By now Third Army's line had been stabilised. 90th Brigade moved out to Betrancourt in front of Doullens and began emplacing its guns 'in action' once more. On 5 April the Germans made a final attack against Third Army (the Battle of the Ancre), preceded by gas shelling of the British artillery, but were easily repulsed. Apart from occasional 'strafes' by German guns on the battery positions, 90th Bde's frontage quietened down. The batteries continued their CB fire, with 95th Siege Bty widely spread: while Battery HQ was at Bayencourt, Nos 5 and 6 guns served for much of June at Souastre under 81st Bde and later 48th Bde.

===Hundred Days Offensive===
On 21 August Third Army joined in the Allied Hundred Days Offensive by attacking across the old Somme battlefields (the Battle of Albert). 95th Siege Bty had moved three 9.2s to Hébuterne during the preparations. 90th Brigade moved forward after the successful attack, with 95th Siege Bty moving to Bienvillers and then pushing pairs of howitzers up through Achiet-le-Grand to Bihucourt and Avesnes-lès-Bapaume by 31 August, leaving two in reserve. In the Second Battle of Bapaume (31 August–2 September), 90th Bde's guns supported New Zealand Division's recapture of Bapaume.

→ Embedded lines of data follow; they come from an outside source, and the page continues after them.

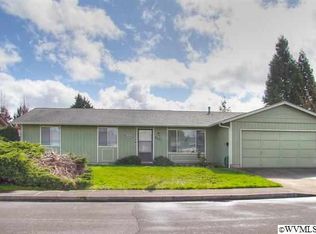 4573 Juliana Loop SE, Salem, OR 97317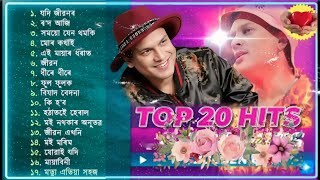 Download lagu Tribute to Legend Singer Zubeen Garg // Top 20 Heart Touching Assamese Songs mp3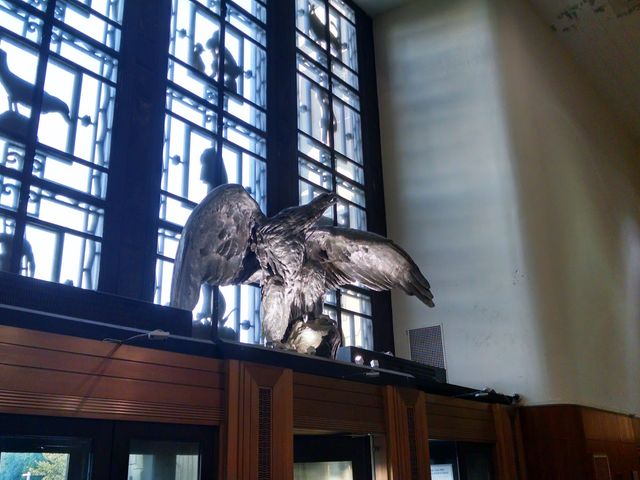 Photo of Bard College - Brooklyn Public Library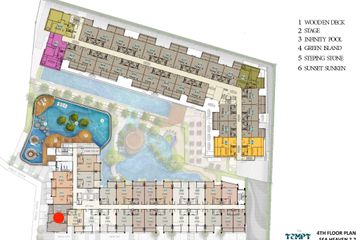 2 Bedroom Condo for sale in Sakhu, Phuket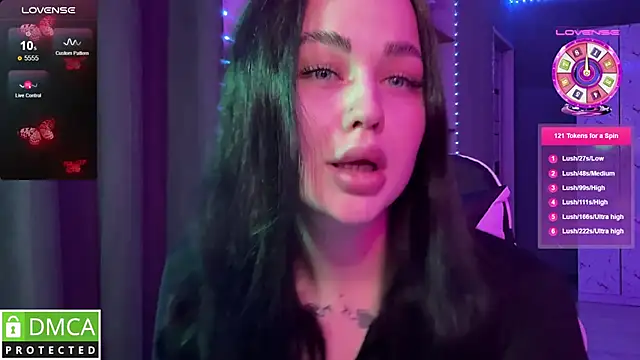 Pepsik0lnaya online show from February 22, 11:24 pm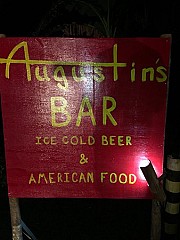 Augustin's Bar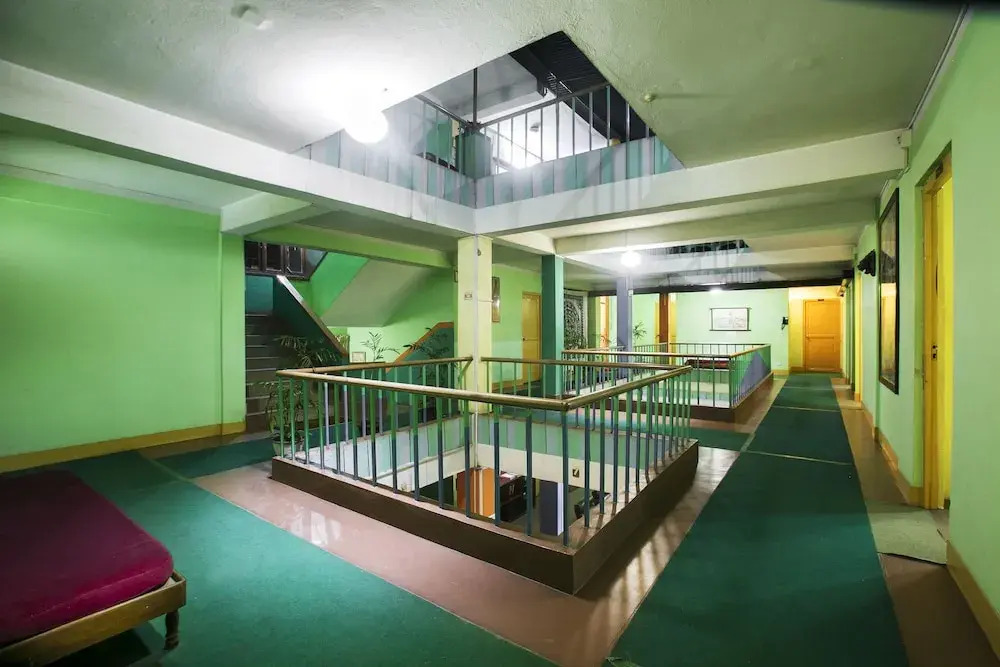Hotel Nana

The subsequent advance in September and October entailed 95th Siege Bty hauling its howitzers forward in twos and threes to successive new positions. 90th Brigade supported 42nd (East Lancashire) Division for the attack on the Canal du Nord on 27 September and was attached to New Zealand Division for the Second Battle of Cambrai on 8 October. It supported IV Corps' attack at the Battle of the Selle on 20 October. The battery then parked four of its guns at Solesmes and pushed forward with just two to Pont a Pierre. By 5 November the heavy howitzers had been left behind as IV Corps pushed through the Forêt de Mormal, and the men were in billets when the Armistice with Germany came into effect on 11 November.

==Disbandment==
90th Brigade advanced into Belgium and eventually into Germany as part of British Army of the Rhine where it was disbanded in 1919. 95th Siege Bty was left at Flesselles, near Amiens, with 5th Bde, RGA. In the interim order of battle for the postwar army published in May 1919 the battery was intended to form 120th Bty in XXX Bde, RGA, but this was rescinded after the signing of the Treaty of Versailles, and 95th Siege Bty battery was disbanded later in 1919.

The Commonwealth War Graves Commission records 40 men of the battery who died in service, but there may have been others listed simply as RGA (as was Capt Wheeler).